* DATA SUPPLIED
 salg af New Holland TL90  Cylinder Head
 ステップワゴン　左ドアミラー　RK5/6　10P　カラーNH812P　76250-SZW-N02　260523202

...

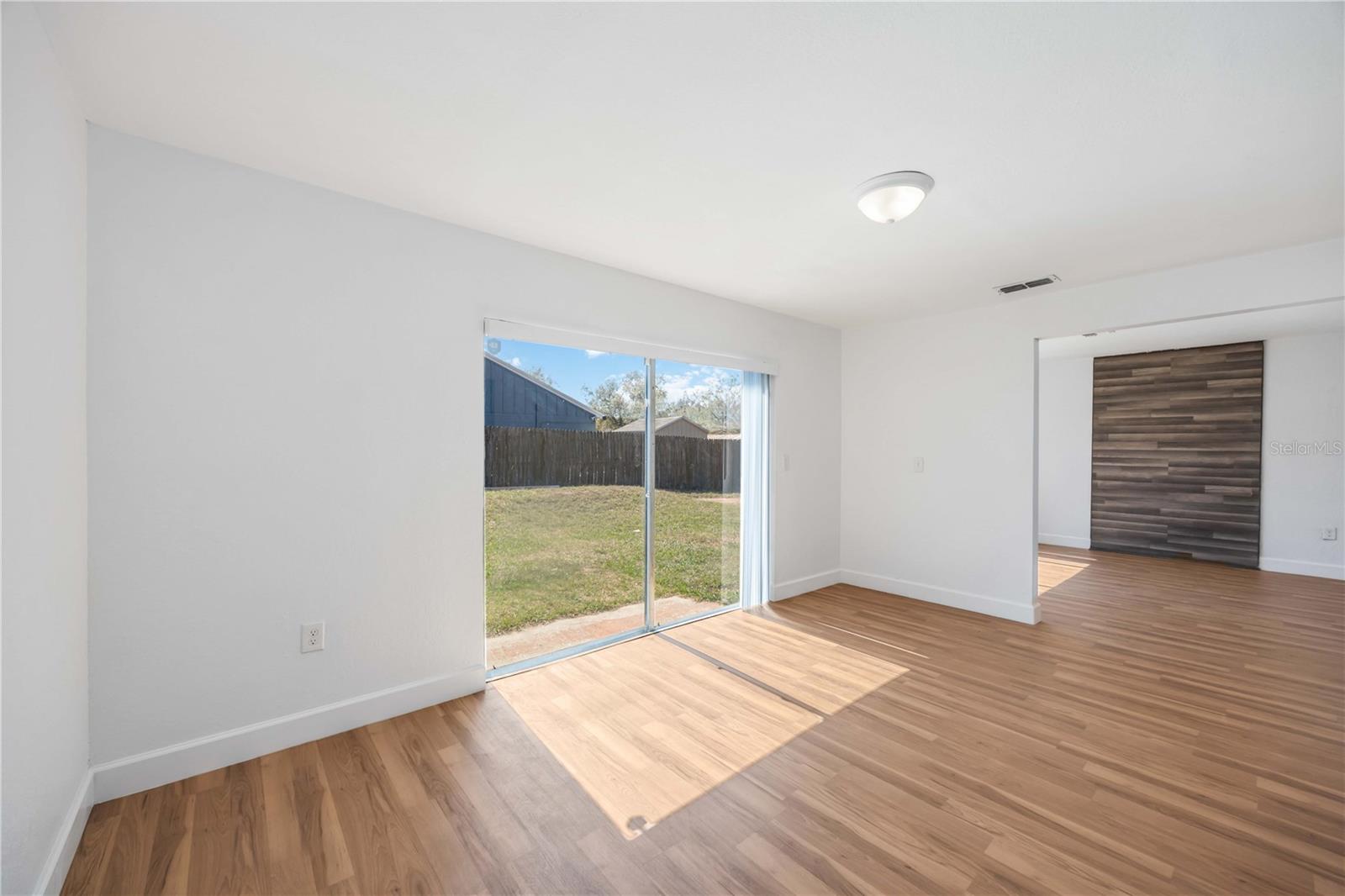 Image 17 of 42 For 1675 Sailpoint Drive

* * *

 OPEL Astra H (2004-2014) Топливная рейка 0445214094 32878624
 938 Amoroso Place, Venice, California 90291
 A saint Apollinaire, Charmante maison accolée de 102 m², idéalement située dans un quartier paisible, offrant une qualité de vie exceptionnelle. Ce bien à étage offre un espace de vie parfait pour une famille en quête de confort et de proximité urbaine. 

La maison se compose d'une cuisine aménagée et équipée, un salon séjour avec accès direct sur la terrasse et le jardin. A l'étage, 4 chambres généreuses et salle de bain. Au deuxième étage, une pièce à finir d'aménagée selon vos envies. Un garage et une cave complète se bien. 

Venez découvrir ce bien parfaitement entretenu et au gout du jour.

* WORK REQUIRED
Output should match, line for line, the stretch of the material above from the line holding "salg af New" through the line holding "ステップワゴン　左ドアミラー".

* EXPECTED OUTPUT
 salg af New Holland TL90  Cylinder Head
 ステップワゴン　左ドアミラー　RK5/6　10P　カラーNH812P　76250-SZW-N02　260523202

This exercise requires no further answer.